2020 Volkswagen Golf: prices, specifications and engine details

The eighth generation of VW Golf arrives in 2020. But is it worth waiting for? Keep reading for specifications, engine and release date info

Simon Ostler Gavin Braithwaite-Smith
Sep 18, 2020

The launch of a new Volkswagen Golf is always a big deal. For more than four decades the Golf has been the family hatchback of choice for millions of motorists, and it remains one of the best-selling cars in the UK, maintaining its popularity even as the rise of the SUV continues to engulf the car market.

It would appear that VW is happy with the tried and tested formula for its leading hatchback, with nothing of much importance appearing to have changed other than a relatively comprehensive aesthetic overhaul.

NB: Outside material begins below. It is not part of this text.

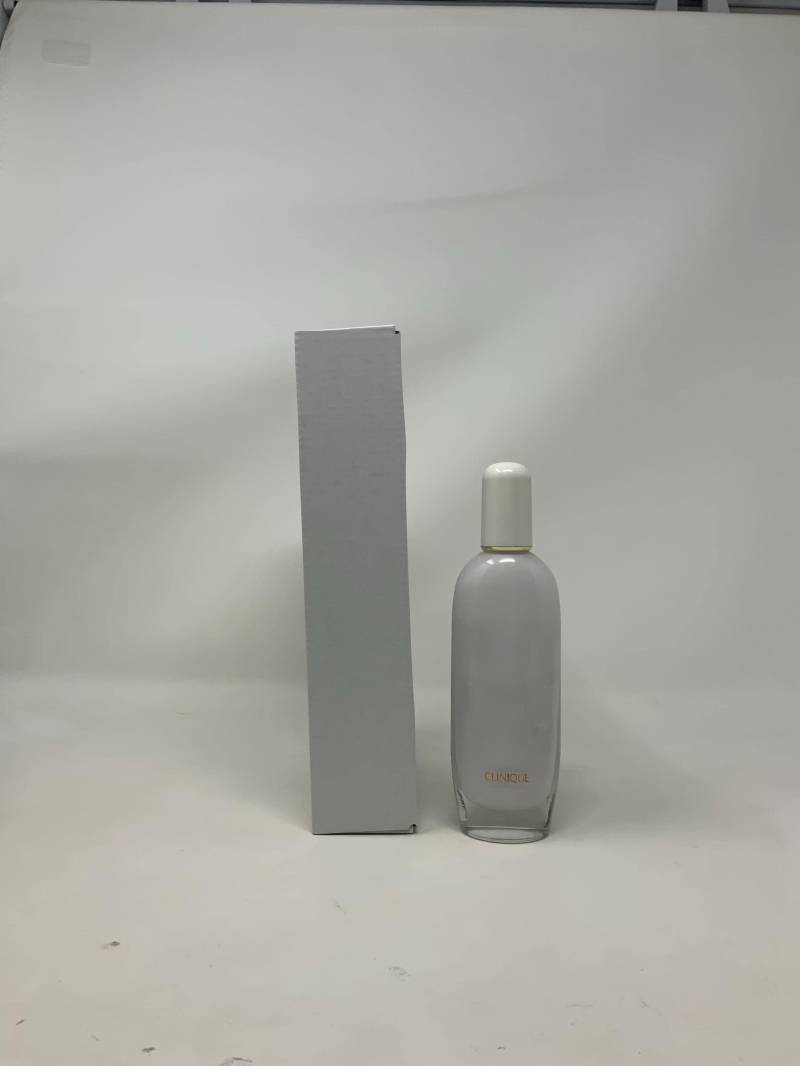 Clinique Aromatics in White Eau De Parfum 100 Ml, Füllstand Ca. 70 % Clinique Aromatics in White Eau De Parfum 100 Ml, Füllstand Ca. 70 % von Etsy - Selten123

While it might look like a subtle evolution of the previous model, the new Golf Mk8 actually represents the most significant leap forward since the launch of the first model in 1974. The introduction of hybrid power for the first time, along with a host of up-to-date tech inside ensures this is an entirely new version of the tried and tested Golf formula.

Quick facts

  • All-new eight-generation Golf hatchback
  • Slightly larger than its predecessor
  • Plenty of standard tech included
  • Two hybrids, but no electric model
  • Prices from £23,875
  • Due for release April 2020

Sensibly, Volkswagen hasn’t messed with the styling too much. The Golf is one of the most recognisable cars on the planet, so changing it would be a huge mistake. Still, if you have been stuck in a jungle for the past 45 years, Volkswagen has helpfully spelt out the model name on the boot lid.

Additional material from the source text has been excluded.